Fed policymakers also highlighted that unemployment was still hovering near its recent low. The unemployment rate is currently 4.7 percent, at or near the level many policymakers consider to be full employment.
The central bank raised rates in December for only the second time in a decade and forecast three rate increases in 2017. The Fed is still awaiting clarity on the possible impact of Trump’s economic policies.
Fed Chair Janet Yellen recently underscored that with the economy near full employment, the Fed risked a “nasty surprise” on inflation if it is too slow with rate hikes.
The Fed said in its statement it still expects inflation to rise to its 2 percent target in the medium term, although it noted that market-based measures of inflation compensation are still low and survey-based measures of long-term inflation expectations are little changed. It did however indicate that the effects of weak oil prices had ended, something that will give it a “clean” inflation reading going forward.
On Monday, the Commerce Department reported an uptick in inflation to 1.7 percent.
“The economy continues to chug along and sentiment has improved. The Fed does sound more confident about eventually getting to its 2 percent inflation target,” said Brian Jacobsen, chief portfolio strategist at Wells Fargo Funds Management.
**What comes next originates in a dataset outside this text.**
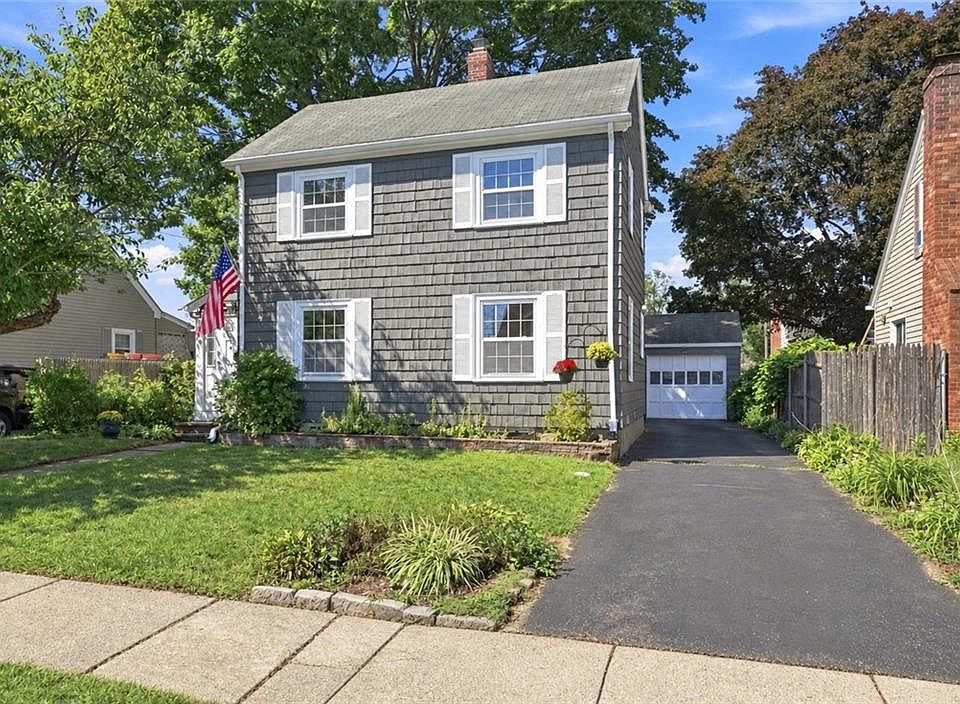 1st image of 141 Rosemere Rd
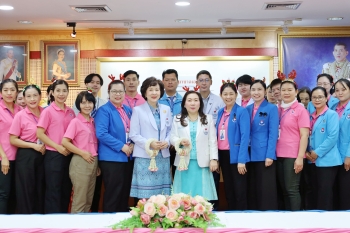 ขอพรผู้บริหารโรงพยาบาลเอกอุดรในเทศกาลต้อนรับปีใหม่ ปีพุทธศักราช 2569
Investors had all but ruled out a rate increase this week, given the uncertainty surrounding Trump’s fiscal and trade policies and how they would affect the Fed’s outlook.
Financial markets were little changed after the rate decision.
Trump’s promises on infrastructure spending, tax cuts, regulation rollbacks and a renegotiation of trade deals could quickly spur higher inflation, which may necessitate a faster pace of rate hikes.
The businessman-turned-politician has offered few details on his economic plans or a timeline for their rollout, while the announcement of policies viewed by many as protectionist and an immigration crackdown have caused market jitters.